I cut my thumb while cooking. Not badly, but enough to bleed all over the potatoes I was chopping, so I had to put a plaster on it. Such a tiny change, but it messes up so much.

The plaster gets wet and dirty the moment I touch anything in the kitchen, so I try to avoid using my thumb when cooking. When I do use it, my grip is off. And then my brain somehow goes from “don’t use the thumb” to “just avoid that part of the hand” so I find myself doing things with my middle finger instead of the index finger, for no good reason at all, which makes the weirdness even weirder. Give me back my thumb!


We have a cleaning service who come here every other Tuesday and spend three ours vacuuming, dusting, scrubbing the toilets and such. I’m very happy about this luxury but I will never, ever get used to how the cleaners all move things around. One of them was so bad about it that we had to ask the company to swap her out and send someone else.

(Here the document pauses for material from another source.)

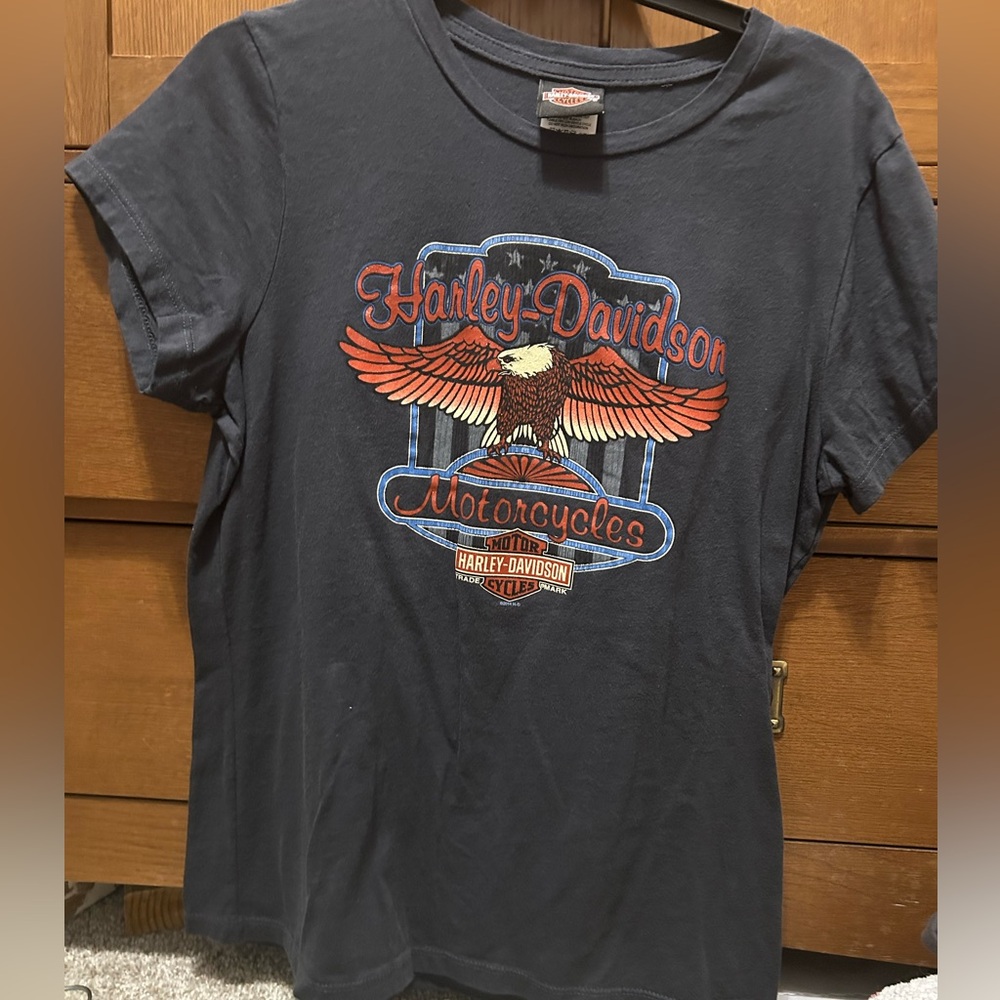 graphic tshirt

I literally couldn’t find things after she had been here, and at one point had to by a replacement some kitchen utensil because she had put it away somewhere and I only found it weeks later.

They normally don’t even move things very far or to particularly odd places. It’s just that we like having every thing in its proper place, because that place has emerged as the best and most proper one after potentially years of tweaking. Especially on the kitchen counter. The salt will always be to the left of the pepper because the pepper mill is taller and is easier to grab if it isn’t too close to the knife block. The dish detergent has to be to the left of the soap dispenser because we use it more often and it’s easier to reach there. And so on. By now their proper places are deeply ingrained in memory, and when things that I use daily get moved, it really throw me off.

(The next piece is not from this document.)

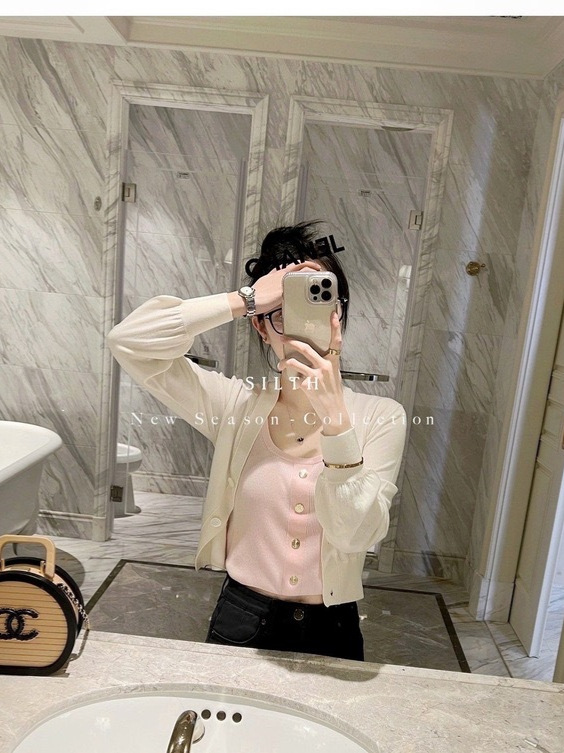 [Special Sale] 2025 Spring/Summer Knitted Inner Layer Vest with Button Closure, Sleeveless Wool Camisole, Elegant and Feminine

Today the coffee table had been shifted literally just a few centimetres from its normal spot. That was more than enough to feel off when I put my feet up on it (which I was definitely brought to not do but like an utter slob I still do it anyway). Muscle memory is a strong thing.


Some friends of ours have left town to spend most of the summer at their cottage. We’re picking up their mail – and plant-sitting their potted cucumber.


We cycled to the recycling centre in Bromma. All the way there and back, the sky loomed over us and the air felt like it should start raining any moment, but not a single drop actually fell.


I feel a bit bad about depriving the family of home-grown strawberries (even though they probably don’t really expect me to provide any) so I’m solving the problem by throwing money at it and saying yes to buying strawberries whenever Adrian asks for them. It’s a good thing he does ask, because I would be stingier if I was buying just for myself.

Adrian and I often eat cereal with yoghurt and a generous heaping of fresh strawberries for breakfast. (Meanwhile Ingrid sleeps until late morning and doesn’t really do breakfast at all, and Eric has already left for work after a much earlier and simpler meal.)


We won’t be getting many strawberries this year, if any, because I really haven’t been taking care of the garden at all. The tall grass doesn’t matter but I really should have replaced the nets. I didn’t, though, so now the deer have eaten most of the strawberry plants. Well, there’s always next year.


Watching the rain while transferring Adrian’s scout badges from his old, outgrown shirt to a new one. This is the last time I’m doing this; next time he can do his own sewing.


Raindrops on flowers may be corny but I still love them.


Cycled to Myrorna in Sundbyberg with Adrian, mostly to get out of the house and get some exercise. Adrian cycling naturally at a sustainable speed is a good match for me with a trailer cycling with not much of an effort.